# Stopwatch?



## DMB5mil (Sep 26, 2008)

Are they allowed into the exam? I forget.

Thanks.


----------



## jproctor6 (Sep 29, 2008)

DMB5mil said:


> Are they allowed into the exam? I forget.
> Thanks.


I took the test this April in North Carolina. I had a digital wrist watch that I was using as a stop watch. The only stipulations were that I had to turn the "beep" off and it had to be kept on the floor if not worn on my wrist. They wouldn't allow me to keep it on the table top.

I'm assuming that similar rules apply for a regular "sports style" stop watch. I'm guessing they probably won't allow it on the table top and it shouldn't beep (even when pressing start/stop buttons).

You may want to call your state board to be certain. Rules may vary.

Jason


----------



## TXengrChickPE (Sep 29, 2008)

In TX, you couldn't have clocks of any kind on the table. Floor was fine, but nothing could make noise. I don't know if I've ever seen a stopwatch that didn't make noise...

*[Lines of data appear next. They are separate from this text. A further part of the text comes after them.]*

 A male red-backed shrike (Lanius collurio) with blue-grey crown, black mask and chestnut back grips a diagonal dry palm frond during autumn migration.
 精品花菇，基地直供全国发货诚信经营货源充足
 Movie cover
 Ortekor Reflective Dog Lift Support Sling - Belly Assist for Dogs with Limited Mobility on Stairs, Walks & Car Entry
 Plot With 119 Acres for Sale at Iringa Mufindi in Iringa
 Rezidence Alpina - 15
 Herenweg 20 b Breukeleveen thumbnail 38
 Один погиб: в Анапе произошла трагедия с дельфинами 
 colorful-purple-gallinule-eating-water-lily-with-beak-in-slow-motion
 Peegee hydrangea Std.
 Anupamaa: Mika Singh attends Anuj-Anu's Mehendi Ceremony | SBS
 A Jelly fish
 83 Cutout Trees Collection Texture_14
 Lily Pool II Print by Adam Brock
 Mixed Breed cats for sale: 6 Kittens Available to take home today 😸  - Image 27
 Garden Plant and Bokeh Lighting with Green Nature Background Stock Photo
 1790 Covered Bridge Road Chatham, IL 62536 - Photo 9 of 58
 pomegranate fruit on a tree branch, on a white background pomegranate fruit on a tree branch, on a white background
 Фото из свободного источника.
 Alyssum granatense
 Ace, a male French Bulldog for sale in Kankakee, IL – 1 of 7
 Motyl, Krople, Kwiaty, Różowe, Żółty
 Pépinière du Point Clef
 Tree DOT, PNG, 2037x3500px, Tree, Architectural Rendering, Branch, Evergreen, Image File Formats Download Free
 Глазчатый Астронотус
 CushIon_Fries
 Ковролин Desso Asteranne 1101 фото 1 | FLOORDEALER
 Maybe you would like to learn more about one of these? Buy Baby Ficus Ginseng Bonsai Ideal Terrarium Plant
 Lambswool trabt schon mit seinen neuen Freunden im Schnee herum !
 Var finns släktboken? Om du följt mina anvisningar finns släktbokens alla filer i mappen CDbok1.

I wore a wristwatch and wrote down in the front of my test booklet what time my watch said when the exam started.


----------



## EM_PS (Sep 29, 2008)

IMO, a stopwatch or similar 'timing device' would only serve as an absurd little distraction. Use a non-beeping wrist-watch &amp; keep track of time real-time


----------



## Enginnneeer (Sep 29, 2008)

As long as it doesnt make noise you should be ok.



TXengrChickPE said:


> I wore a wristwatch and wrote down in the front of my test booklet what time my watch said when the exam started.


This is my most consistant test strategy since taking standardized tests as a kid. I also write the required stop time so I wont have to cause harm to my brain...


----------